Prince of Handan (邯鄲王)
- Tenure: 225–229
- Successor: Cao Wen

Prince of Chen (陳王)
- Tenure: 223–225

Prince of Huainan (淮南王)
- Tenure: 222–223

Duke of Huainan (淮南公)
- Tenure: 221–222
- Born: Unknown
- Died: 229

Names
- Family name: Cao (曹) Given name: Yong (邕)

Posthumous name
- Prince Huai (懷王)
- House: House of Cao
- Father: Cao Pi
- Mother: Consort Su

= Cao Yong (Three Kingdoms) =

Cao Wei prince and son of Cao Pi (died 229)

Cao Yong (died 229) was a prince in the state of Cao Wei in the Three Kingdoms period of China. He was a son of Cao Pi, the first emperor of Wei. His mother, Consort Su (蘇姬), was a concubine of Cao Pi. He was enfeoffed as the Duke of Huainan (淮南公) in 221, with his dukedom in Jiujiang Commandery (九江郡). In 222, he was elevated to the status of Prince of Huainan (淮南王). A year later, his title was changed to Prince of Chen (陳王). In 225, his title was changed again to Prince of Handan (邯鄲王). He died in 229 during the reign of his half-brother Cao Rui. He had no offspring.

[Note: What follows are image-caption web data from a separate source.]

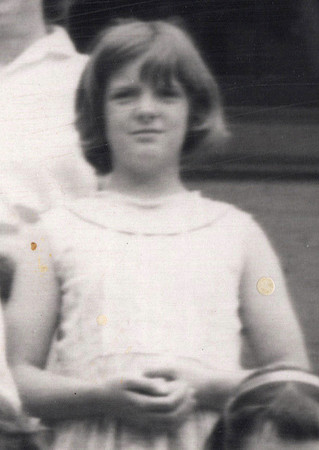 Debby_Grade5_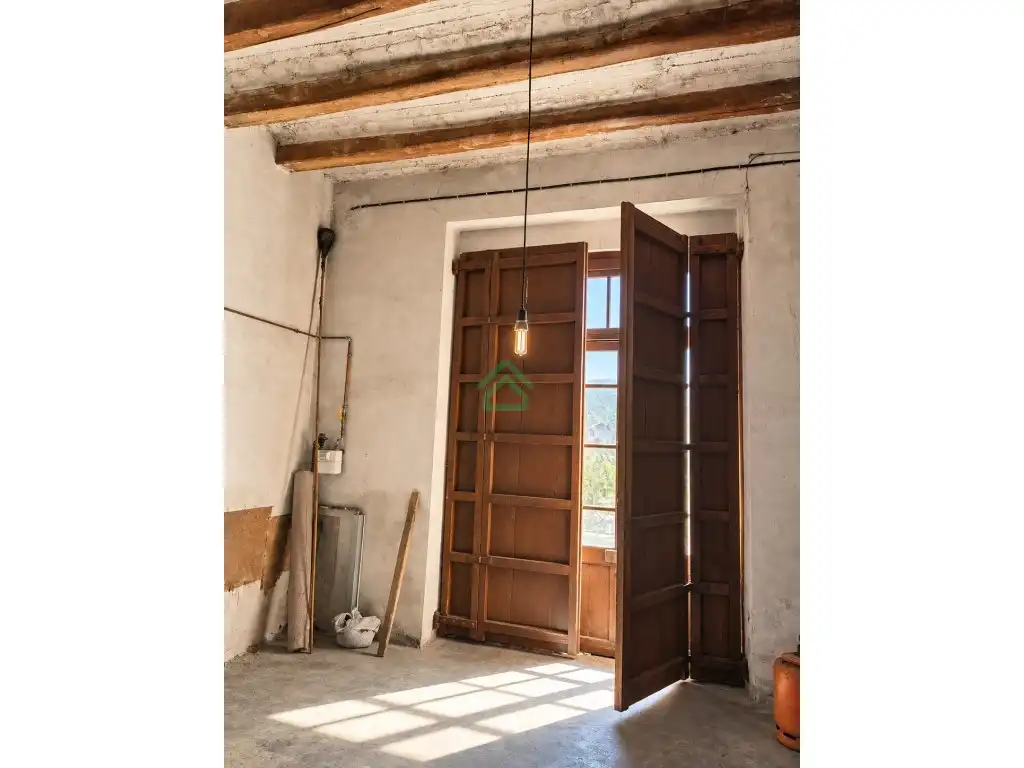Casa en venta en Calle Angel Guimera, imagen 5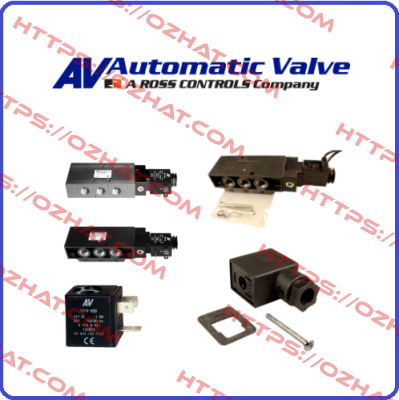 14500CBXDX-AA Automatic Valve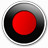 Bandicam v5.3.2.2889 免費破解版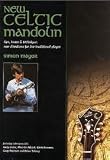 ISBN 095227762X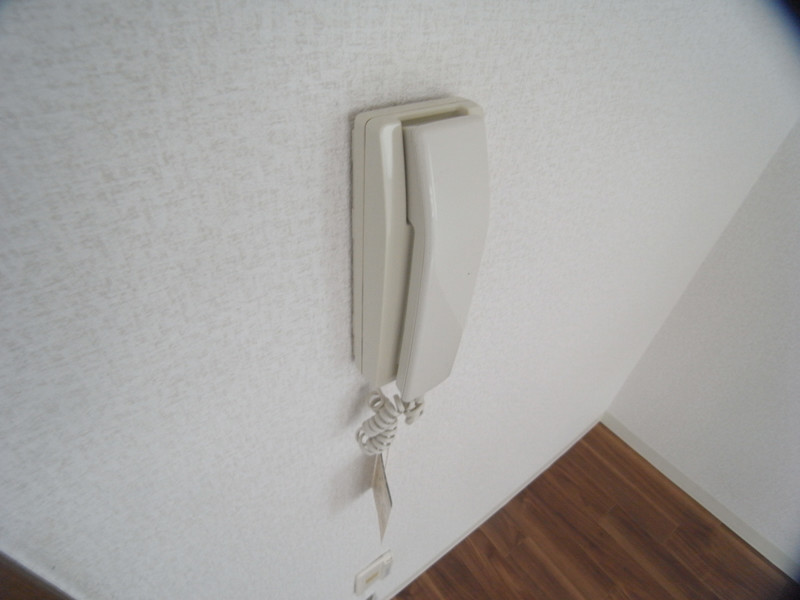 テレアビーテ神戸のその他写真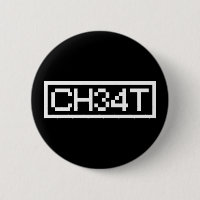 LEET CHEAT BUTTON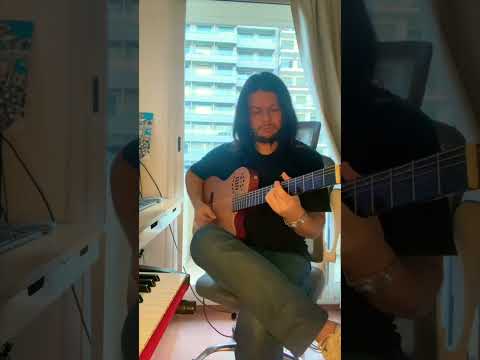 El Medio Litro - Mario Bofill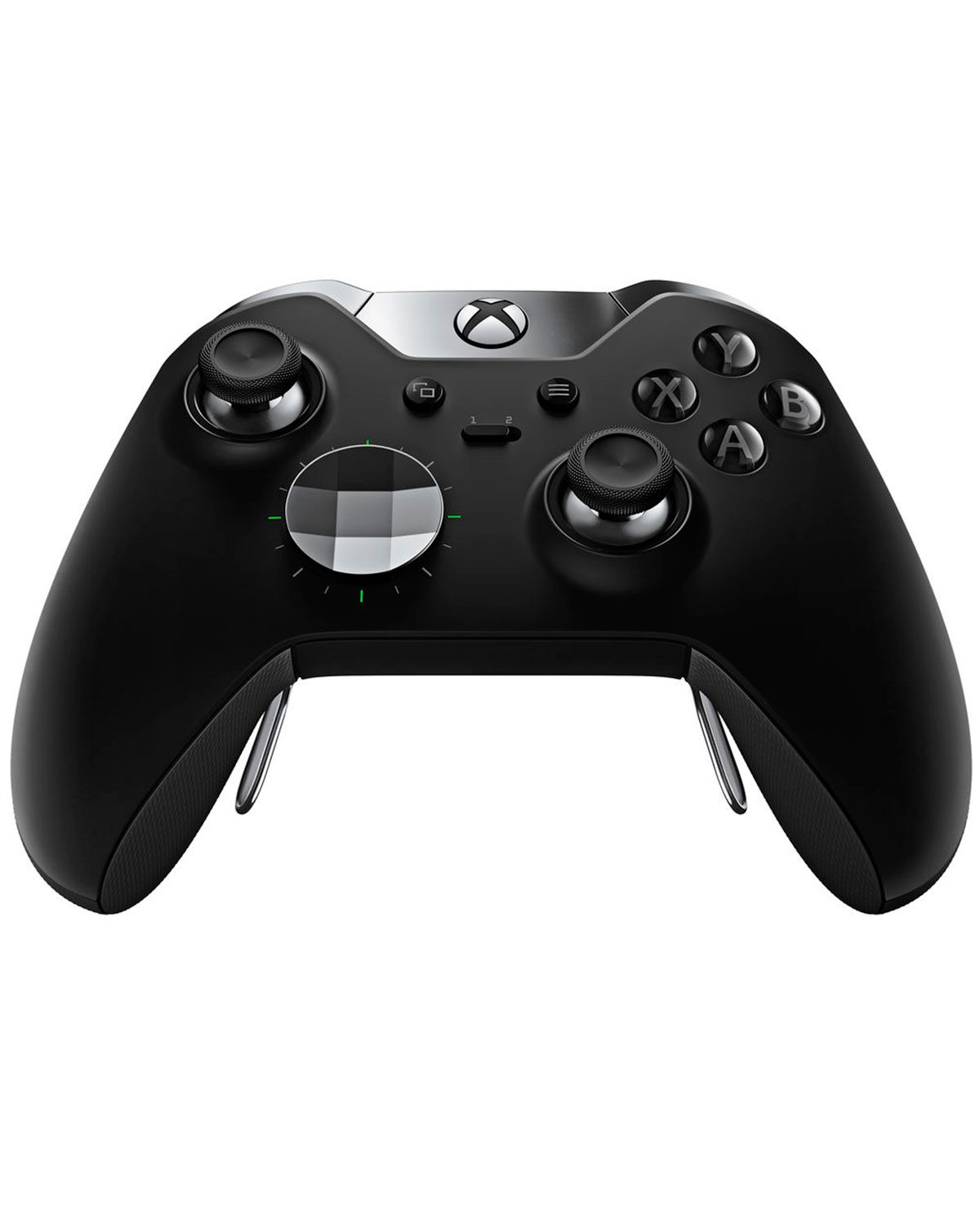 CONTROL XBOX ONE INALAMBRICO ELITE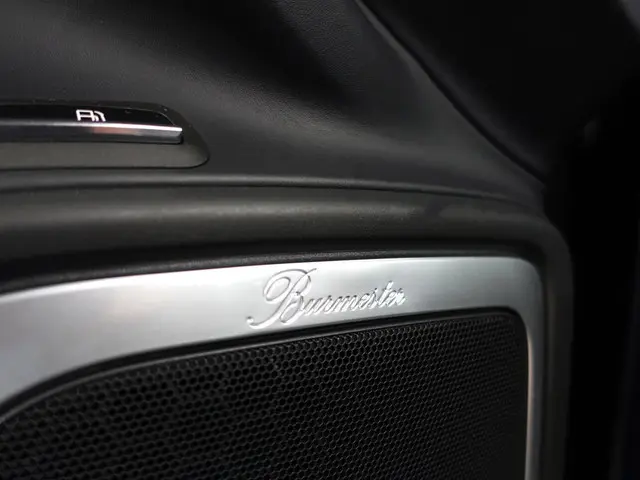 Porsche Cayenne 3.0 S E-Hybrid NAP 49dkm, Sport Chrono, Burmester, Memory, Carbon, Keramisch, Keyles...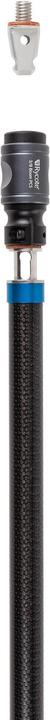 Actual product image Rycote PCS-Boom Quick Release System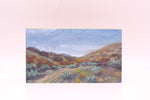 Load image into Gallery viewer, Artwork by Angela Sandberg
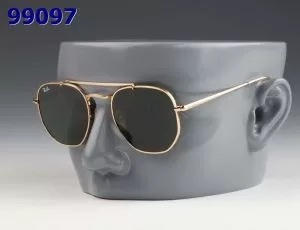 2020春夏人気トレンドアイテム レイバン RAYBAN 眼鏡メガネ 多色可選 おしゃれデザインも大人気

In 231, since Cao Yong had no descendants, Cao Rui designated Cao Wen (曹溫), a son of Cao Kai (曹楷) and grandson of Cao Zhang, as Cao Yong's heir; Cao Wen thus became the new Prince of Handan. In 232, Cao Wen's title was changed to Prince of Luyang (魯陽王). In the reigns of the subsequent Wei emperors, the number of taxable households in Cao Wen's princedom increased until it reached 4,400.